Information given below:
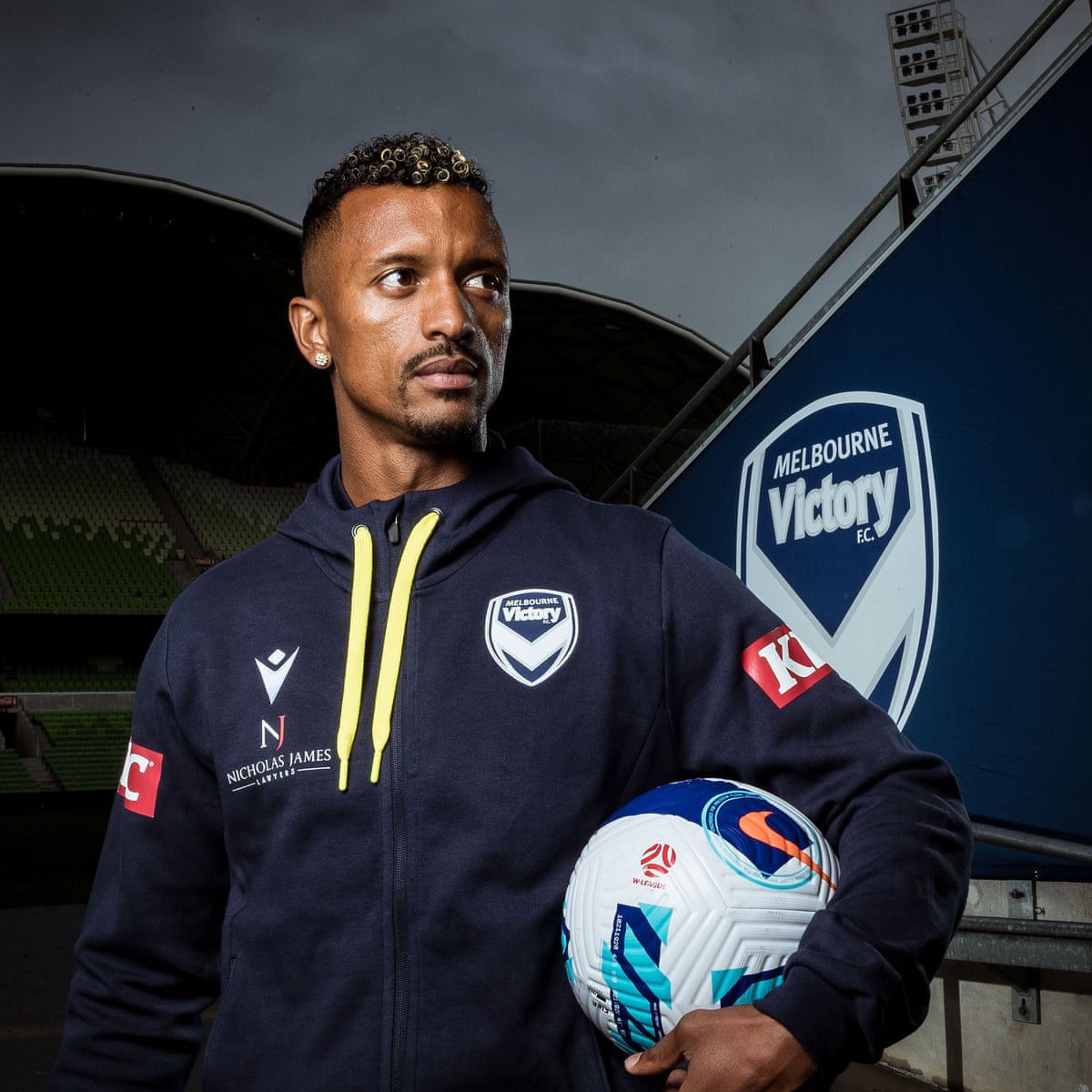 Ex-Manchester United star Nani signs with A-League side Melbourne ...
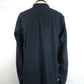 prasthana　brushed twill work shirt　P-2301002A-D.NV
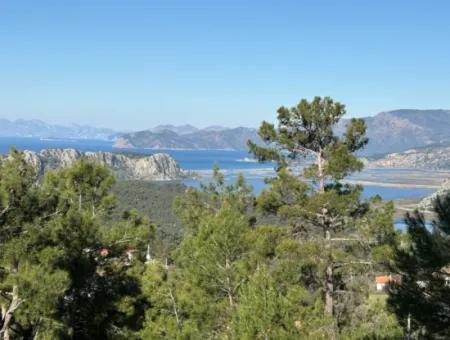 1000M2 Land For Sale With Sea View In The Village Built-Up Area In Gökbel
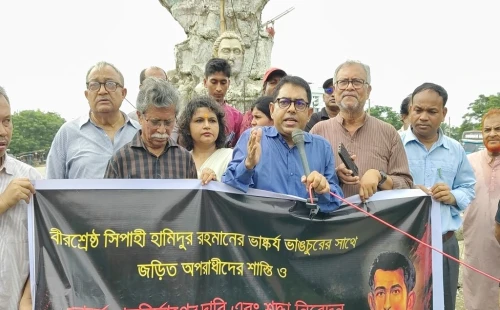 সুশীল ও আওয়ামী চক্রের তৎপরতায় ঝিনাইদহের পরিবেশ অশান্ত করার চেষ্টা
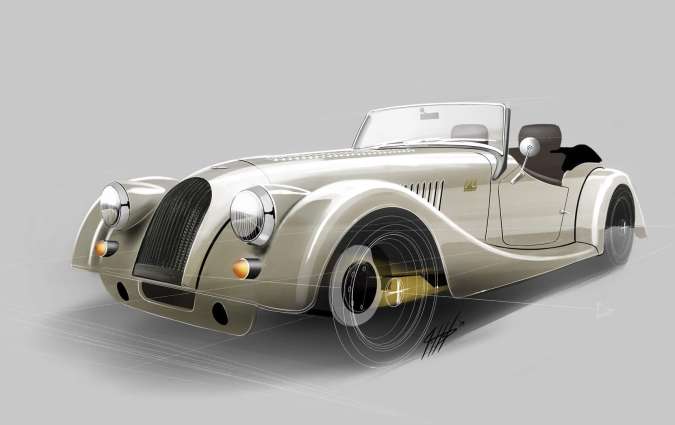 Morgan Plus 4 70th Anniversary Edition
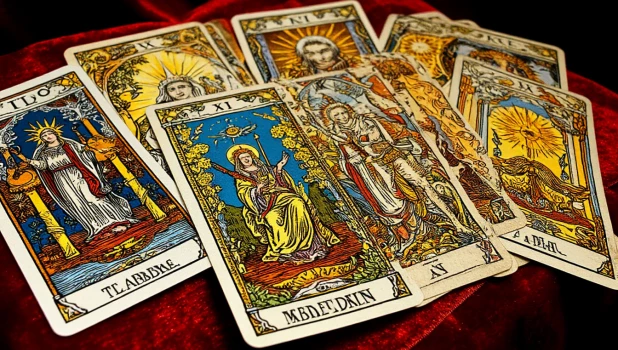 Таро. Расклад.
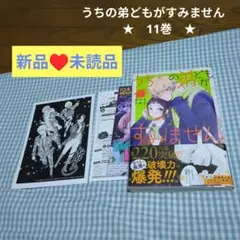 【新品♥未読】うちの弟どもがすみません　11巻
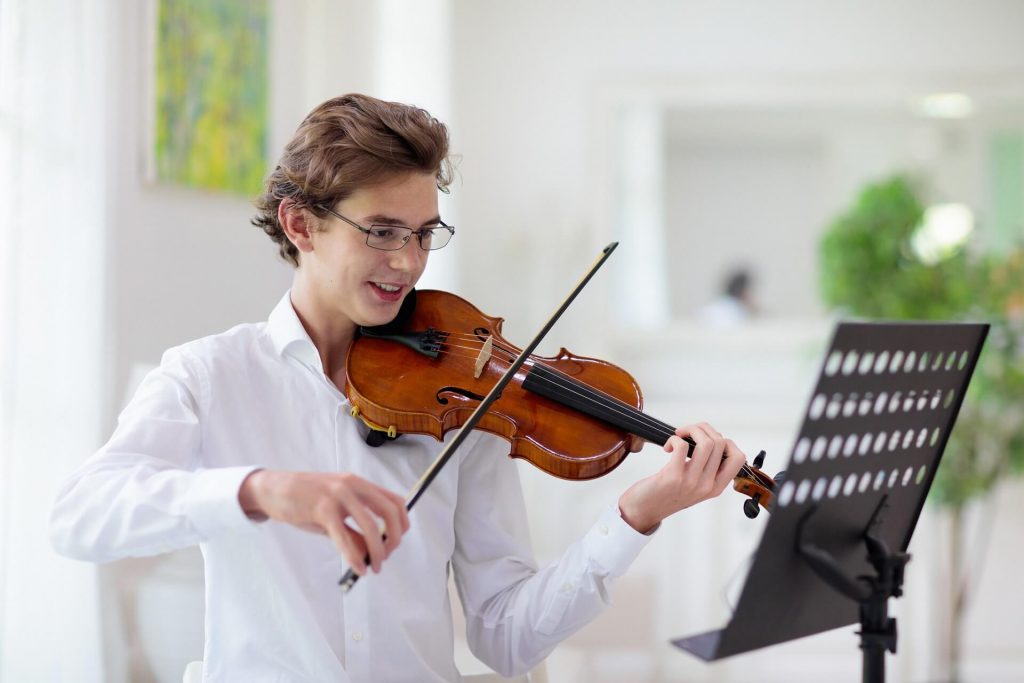 violin lessons calgary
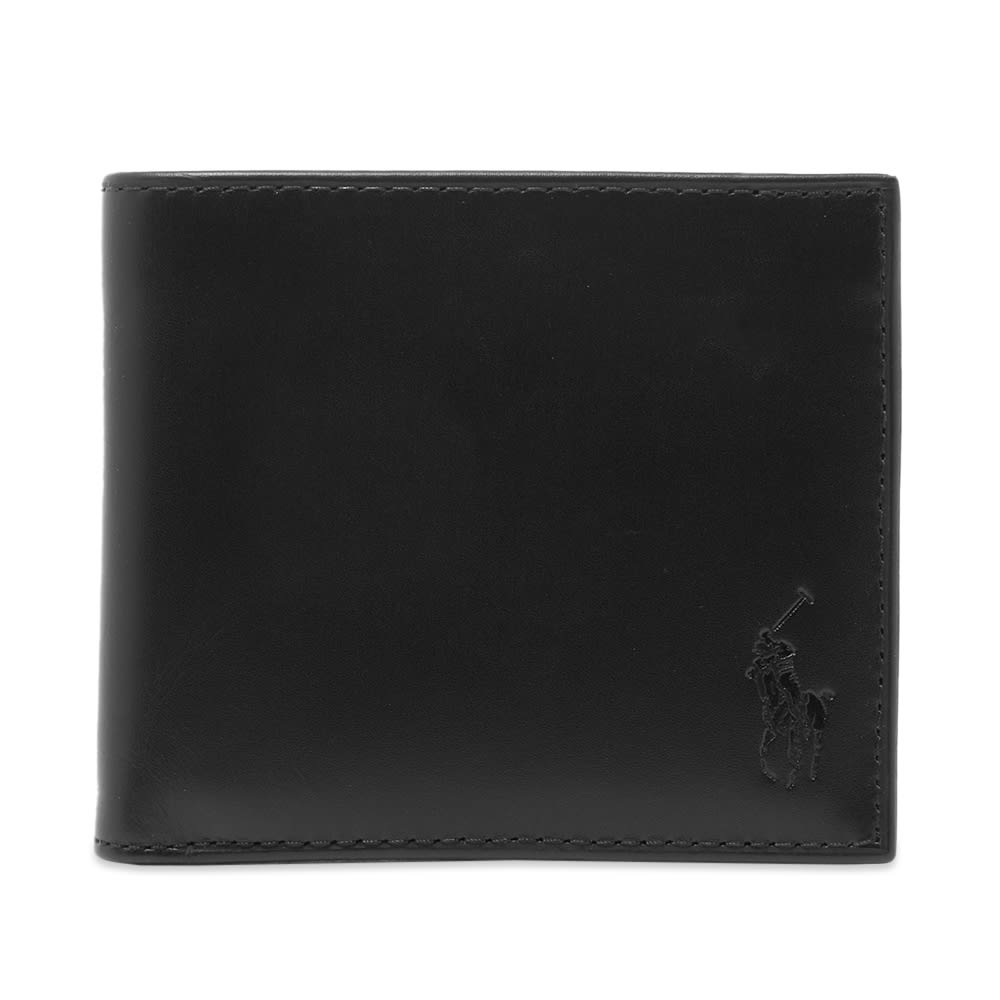 Peňaženka Polo by Ralph Lauren Polo Ralph Lauren Pony Player Billfold Čierna | 405845398001, 0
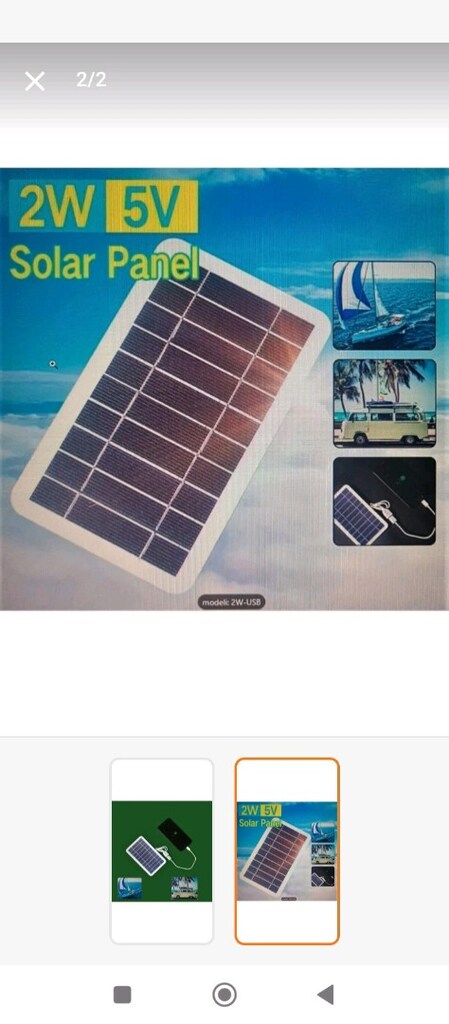 Solar Panel( yurtdışından alınmıştır) - 4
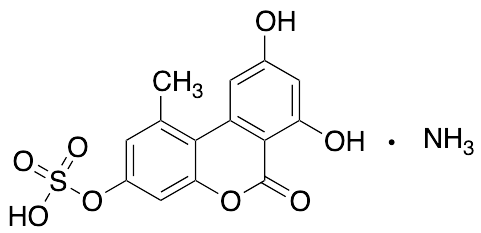 Alternariol 3-Sulfate Ammonium Salt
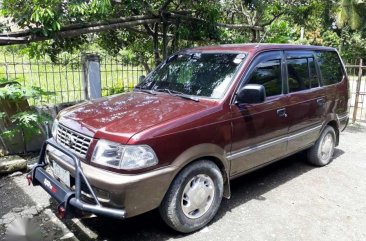 Toyota Revo 2002 Manual Red SUV For Sale 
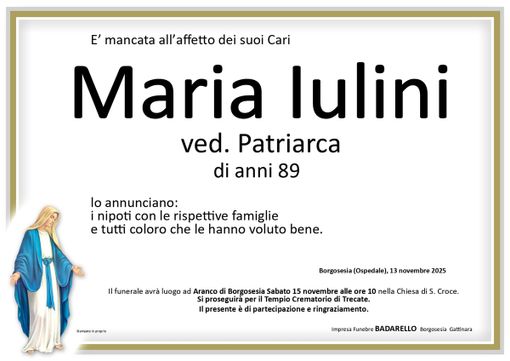 Maria Iulini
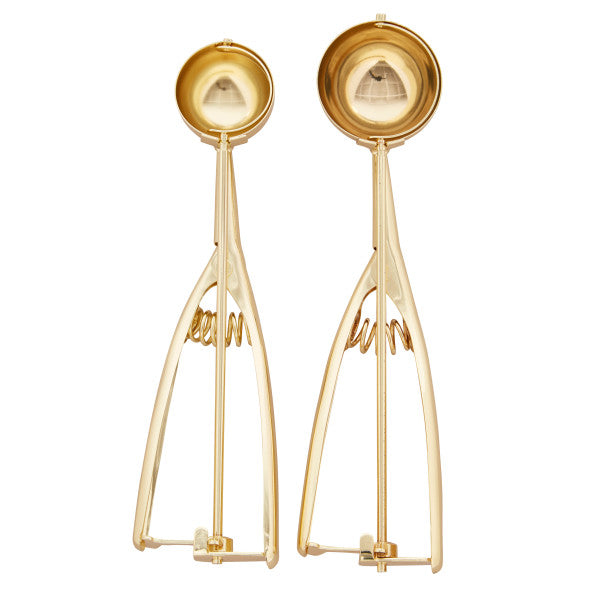 Wilton Gold Cookie Scoop Set, 2-Piece — Cake and Candy Supply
End of Information given.
Task prompt: Give back, exactly and with nothing added, the lines from the line with "সুশীল ও আওয়ামী" through the final line of the data, both included; leave pictures out.

Answer space:
 সুশীল ও আওয়ামী চক্রের তৎপরতায় ঝিনাইদহের পরিবেশ অশান্ত করার চেষ্টা
 Morgan Plus 4 70th Anniversary Edition
 Таро. Расклад.
 【新品♥未読】うちの弟どもがすみません　11巻
 violin lessons calgary
 Peňaženka Polo by Ralph Lauren Polo Ralph Lauren Pony Player Billfold Čierna | 405845398001, 0
 Solar Panel( yurtdışından alınmıştır) - 4
 Alternariol 3-Sulfate Ammonium Salt
 Toyota Revo 2002 Manual Red SUV For Sale 
 Maria Iulini
 Wilton Gold Cookie Scoop Set, 2-Piece — Cake and Candy Supply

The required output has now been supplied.